Cooking mee goreng mamak transports Kuang Keng Kuek Ser back to the humid sidewalks of his home city Kuala Lumpur, where street vendors cook generous servings of the fried noodles to order over searingly hot flames, advertising their wares with the ubiquitous clattering of metal woks and sweet aroma. 

“‘Mamak’ in Malaysia refers to Indian muslims and this is one of the most popular street foods,” Keng explains.

The dish encapsulates Indian, Chinese and Malay flavours; a satisfyingly cacophonous mingling of Malaysia’s cultures in one dish. Keng learned to cook it by blending his observations of food vendors with recipes he found online.

But cooking didn’t always come naturally. Preparing food was only ever something of occasional utility to Keng and his wife Li Li Liew, until the two journalists moved to New York City from Kuala Lumpur in 2013.

“I never knew that I actually liked cooking,” Keng says.

“I almost never cooked in Malaysia because, firstly, you are working fulltime so you almost never have time to cook, and the second thing is eating outside is not that expensive.”

In addition, traffic jams in the capital Kuala Lumpur are so paralysing that many workers routinely eat dinner out while waiting for the rush to subside. 

The lack of motivation to cook meant Keng never took the opportunity to learn from his grandmother while she was alive.

Sadness and regret wash over his face as he recalls her fragrant Chinese New Year stewed duck and pillowy steamed kueh (cakes), the recipes for which were never recorded or passed on. 

“Sometimes I miss them; I dream about it. Maybe you can get [recipes] online but things may not appear to be the same as you tasted before.”

Mee goreng mamak Kuang Keng Kuek Ser and Li Li Liew

In his grandmother’s absence, Keng found himself trying to make his own versions of the dishes that held strong memories. As he did so, cooking – which began as a money-saving strategy when he first moved to New York – evolved into a fully fledged hobby. 

“I started to cook a lot because eating outside is expensive. And then I realised that it’s actually quite enjoyable and interesting.

“The best part is keeping experimenting, and then once you do it better it feels like an achievement.”

Li Li, who describes her husband’s cooking style as “bold” due to his penchant for salt and soy sauce, provides some balance to the couple’s diet.

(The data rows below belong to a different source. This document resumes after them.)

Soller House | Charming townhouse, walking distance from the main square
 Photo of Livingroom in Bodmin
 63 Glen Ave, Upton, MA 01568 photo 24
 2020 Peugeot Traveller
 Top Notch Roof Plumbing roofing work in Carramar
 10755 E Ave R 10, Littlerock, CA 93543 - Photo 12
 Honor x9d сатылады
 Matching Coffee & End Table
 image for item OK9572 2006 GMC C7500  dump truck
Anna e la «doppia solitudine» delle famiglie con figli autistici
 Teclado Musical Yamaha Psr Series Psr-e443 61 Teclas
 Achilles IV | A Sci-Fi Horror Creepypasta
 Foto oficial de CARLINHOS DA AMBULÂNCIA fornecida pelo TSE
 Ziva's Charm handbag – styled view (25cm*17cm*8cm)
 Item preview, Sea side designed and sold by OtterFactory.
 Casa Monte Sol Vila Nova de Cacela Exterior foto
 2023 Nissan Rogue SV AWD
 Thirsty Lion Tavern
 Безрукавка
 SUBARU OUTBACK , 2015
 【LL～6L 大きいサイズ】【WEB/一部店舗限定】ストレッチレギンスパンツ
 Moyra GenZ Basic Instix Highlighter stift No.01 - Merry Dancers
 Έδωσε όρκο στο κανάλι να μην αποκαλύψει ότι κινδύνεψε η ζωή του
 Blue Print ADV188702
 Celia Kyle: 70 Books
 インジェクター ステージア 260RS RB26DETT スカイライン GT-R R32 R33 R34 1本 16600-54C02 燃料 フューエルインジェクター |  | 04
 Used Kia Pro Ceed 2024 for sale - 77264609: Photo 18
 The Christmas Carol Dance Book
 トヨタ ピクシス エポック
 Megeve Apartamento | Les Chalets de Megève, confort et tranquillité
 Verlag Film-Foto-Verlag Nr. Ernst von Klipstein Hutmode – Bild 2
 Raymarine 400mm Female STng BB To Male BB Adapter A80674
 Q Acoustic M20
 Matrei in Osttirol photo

“I don’t care about the taste, as long as I know it’s healthy!” she says. “Less oil, less sugar, less salt.”

But for Keng, the vibrant flavours that punctuate his cooking are a vital connection with home.

“You feel like you’re still having a life in Malaysia, because you are still having the same food.

“It’s comforting. You feel less lonely.”

Although his grandmother’s recipes may be lost now, moving to a new country has given him an opportunity to start a collection of his own. The roadside mamak stalls may be thousands of miles away, but all it takes is the click-click-click of a New York gas stove igniting for the memories to come rushing back.